**Your task:**
Among the entries below, the lines from the one with "If you're on" up to and including the one with "And then the" are to be restated exactly, without pictures.
Exercise input section start
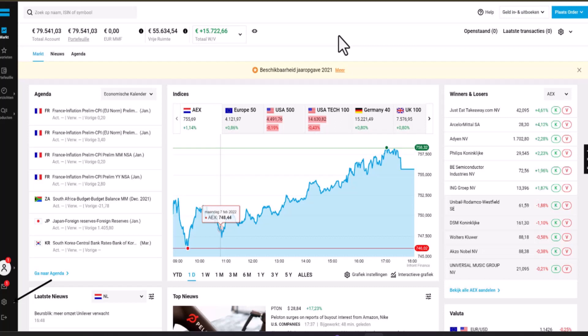How to short sell with DeGiro. Hi guys, welcome back. In this video I'm going to walk you through the steps on how you can short sell with DeGiro. Before you can open a short position with DeGiro, you'll need to enable this option first.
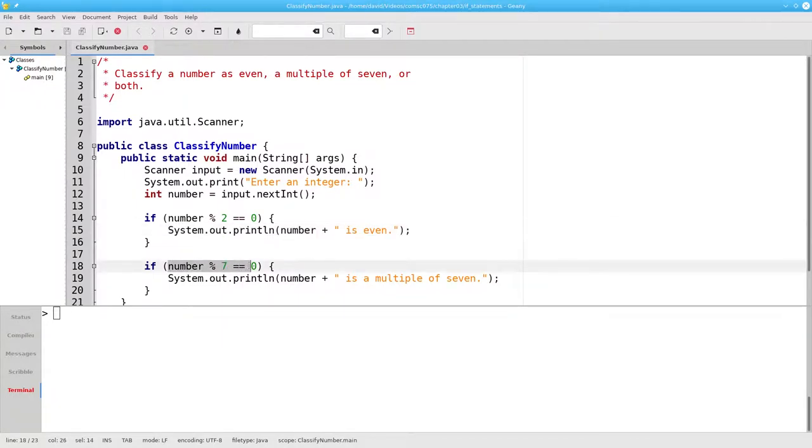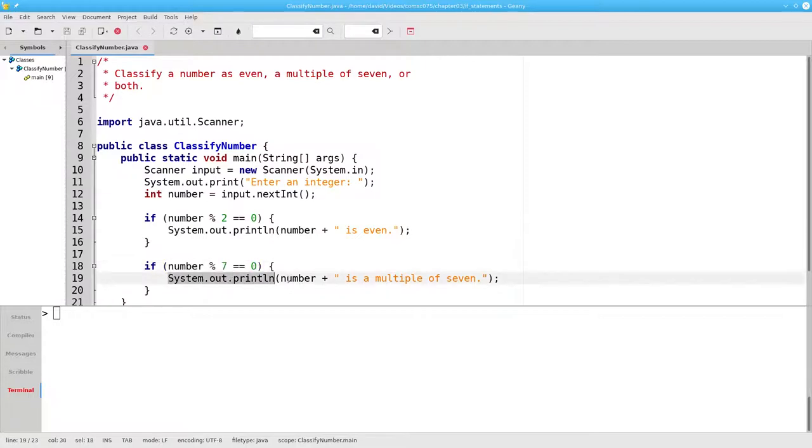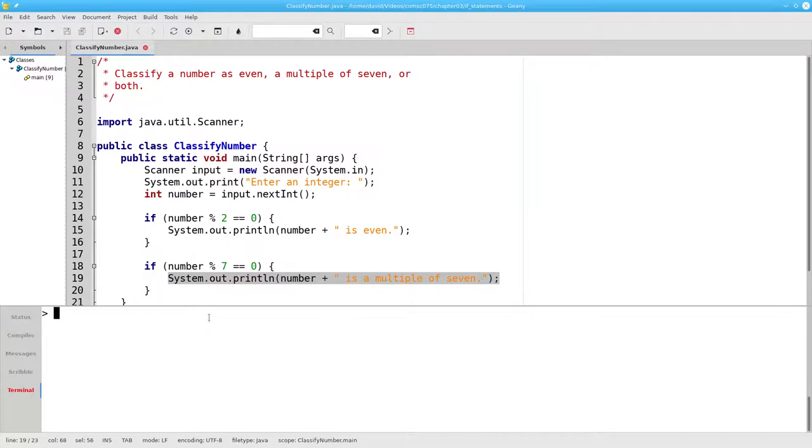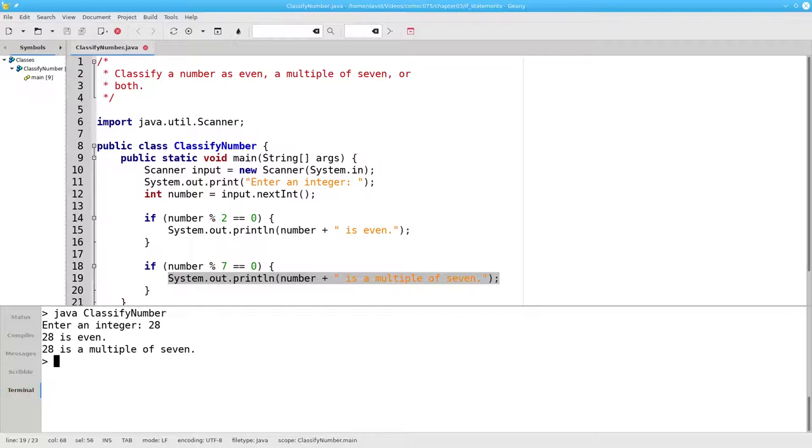28 mod 7 is also equal to 0, and the program will tell us that 28 is a multiple of 7. And sure enough, we get both messages.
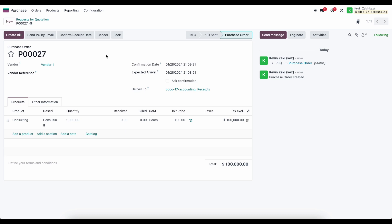In order to do that, we can easily go to our action icon at the top of the screen and create an accrued expense entry.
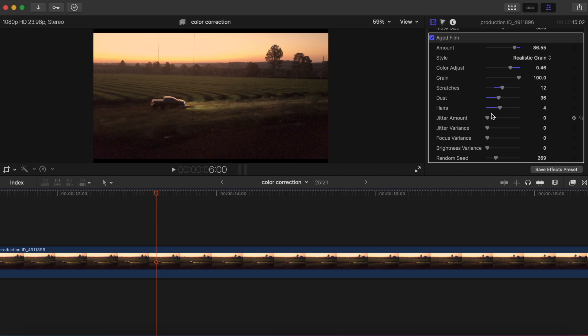So just kind of play around with this guys, see what you want to do. We got the jitter, just kind of bump all of these up a little bit.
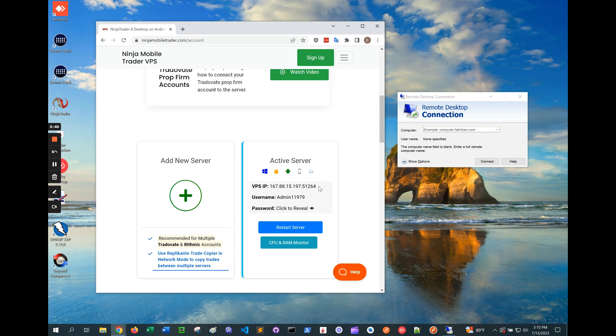If you're on Windows Home Edition and Remote Desktop Connection isn't available, please watch the other video guide for the alternative app and what to do.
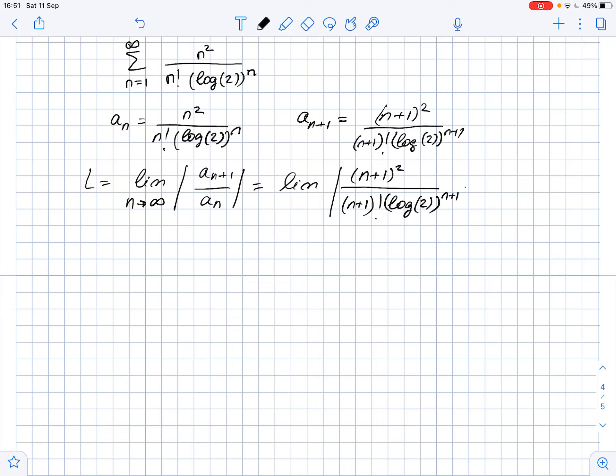Let's try to simplify this. This equals the limit of the absolute value of (n+1) over n² times log 2, as n approaches infinity. And this equals 1 over log 2 times the limit of the absolute value of (n+1) over n² as n approaches infinity.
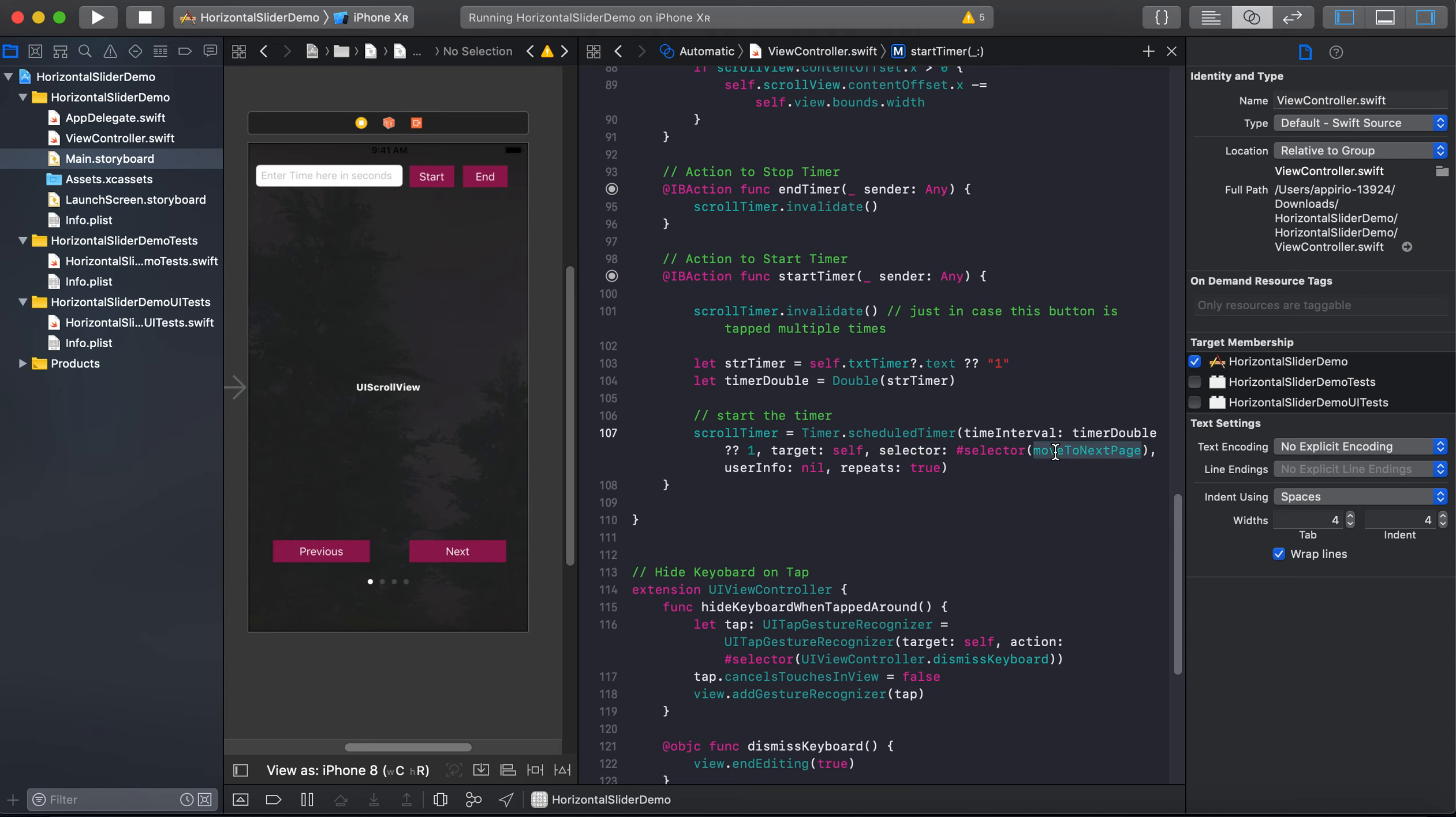And then the selector is actually a method which will going to be executed on each interval. Like if we selected two as an interval for the scheduled timer, then after each two seconds this method will going to be executed.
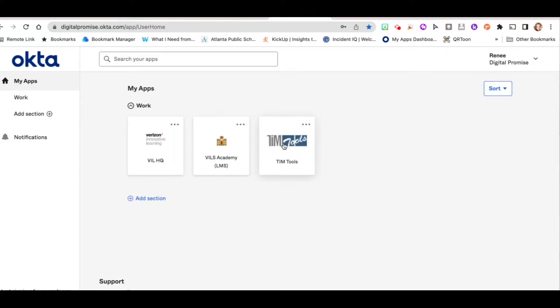And your TIM tools are where you'll find your TIM observations. I hope this was helpful. Thanks. Bye.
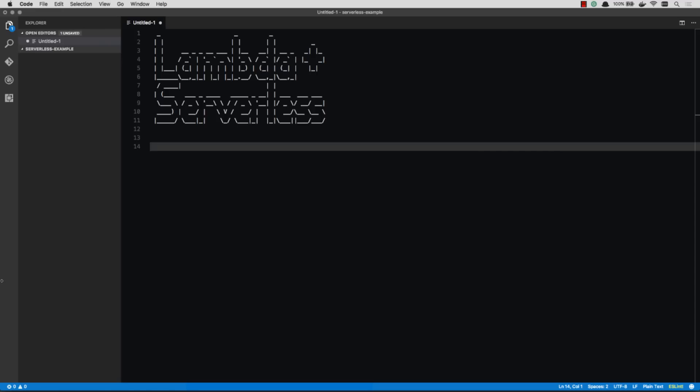In this video, we are going to dive into using Lambda from AWS, and we're going to use the serverless framework for it, which is a great combination, super simple to use, and extremely powerful.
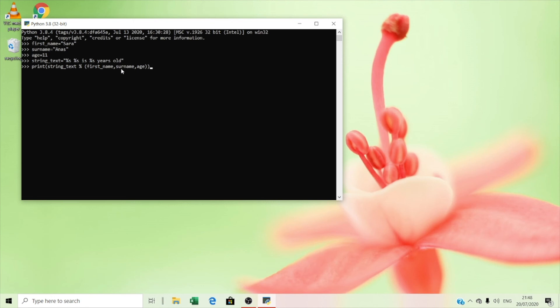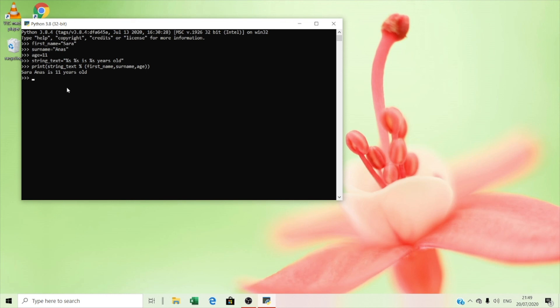When we press the enter key, it's going to say your name and your age. One, two, three. Oh, wow! It said Sarah and she's 11 years old. That's amazing. I'm 11 years old. That was very cool.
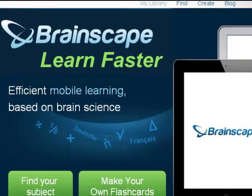Digital flashcards offer students a way to interact with content rather than simply read and memorize. Additionally, many online flashcard applications include mobile apps, enabling students to study on the go. While there are several good applications available,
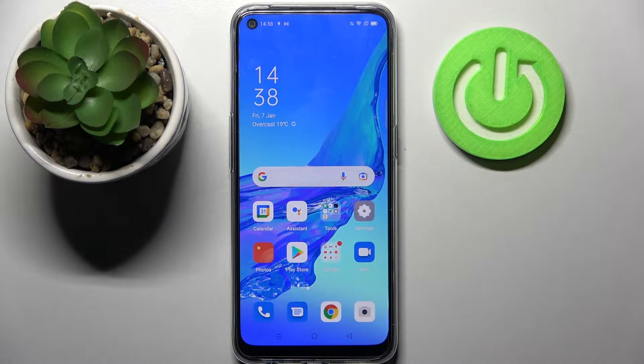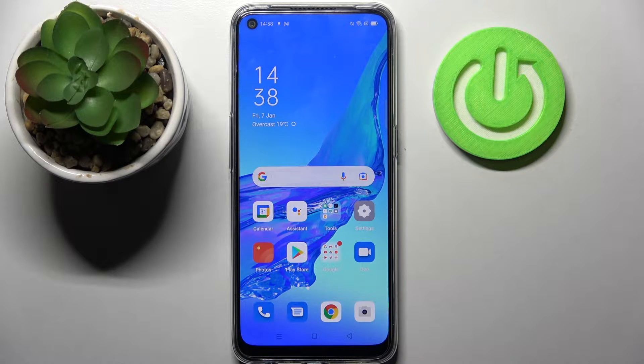Hi, in front of me is the Oppo A53s and today I would like to show you how you can resize icons on this smartphone.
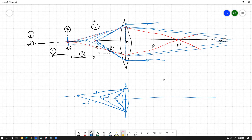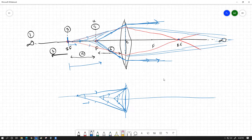As the object travels from 2F toward F, the crossing point of the output rays moves farther and farther away. When the object is placed exactly at F, the output rays become parallel. Parallel lines don't physically cross, so hypothetically their crossing point is at infinite distance. As the object moves from 2F to F, the image position moves from 2F outward toward infinity.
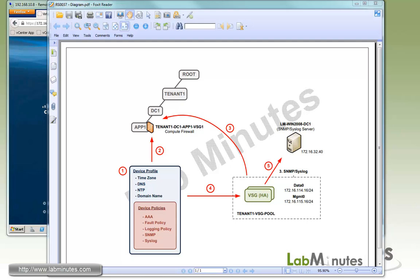Welcome to Labminutes.com. In this video, we will be configuring Device Profile and Compute Firewall for our Cisco VSG.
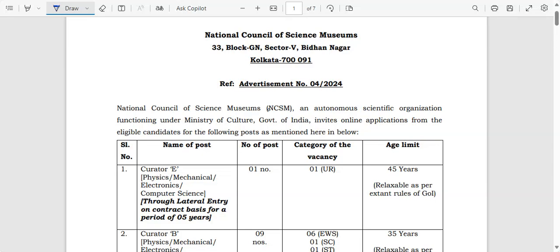Welcome back to my channel. Namaskaram guys, today we are going to see a central government vacancy notification. This is a very important notification for all my dear computer science, physics, mechanical, and electronics guys. Please do watch this video until the end, and if you have not subscribed to my channel, subscribe immediately without any hesitation.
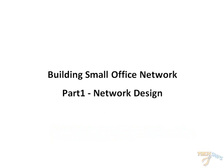Hello, and welcome to TechSnips. You are watching Building a Small Office Network, Part 1, where we focus on the network design.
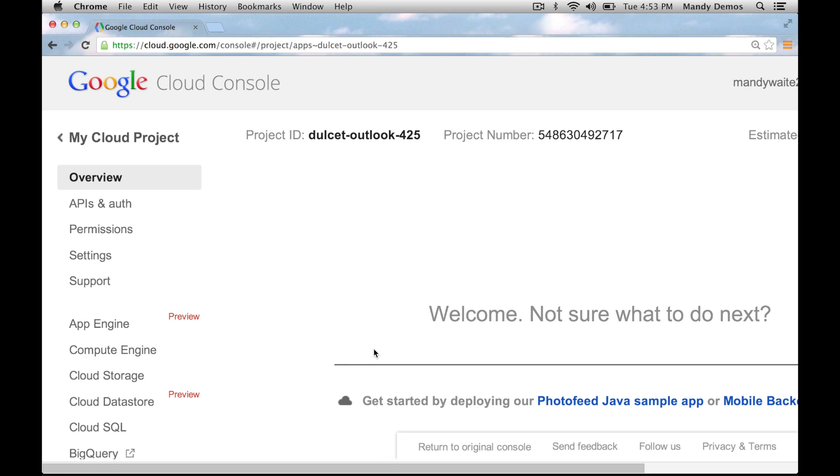First, we need to enable billing for Compute Engine. From your project's settings page, click enable billing.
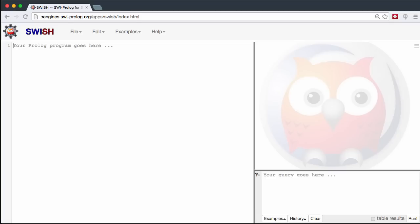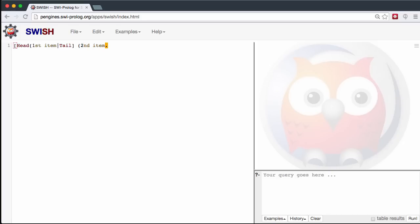It follows this basic structure: the first element in the list is the head, and then we logically denote the separation between the head and the rest of the list by a vertical bar. The remainder of the items are the tail, and then we close it. So the first item is the head, and the tail is the remainder.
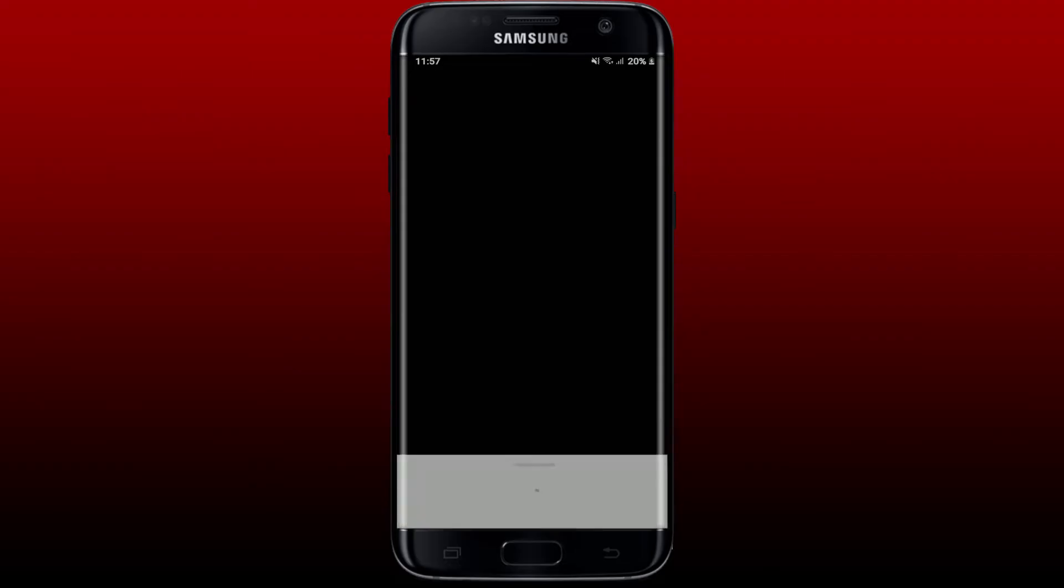Tap on the play button. Once you're sure you'd like to set this as your ringtone on your mobile device, then tap on the download button at the bottom. From the bunch of options, tap on Set Ringtone.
Exercise input section end
**Output below:**
If you're on Windows Home Edition and Remote Desktop Connection isn't available, please watch the other video guide for the alternative app and what to do.
Let's try to simplify this. This equals the limit of the absolute value of (n+1) over n² times log 2, as n approaches infinity. And this equals 1 over log 2 times the limit of the absolute value of (n+1) over n² as n approaches infinity.
And then the selector is actually a method which will going to be executed on each interval. Like if we selected two as an interval for the scheduled timer, then after each two seconds this method will going to be executed.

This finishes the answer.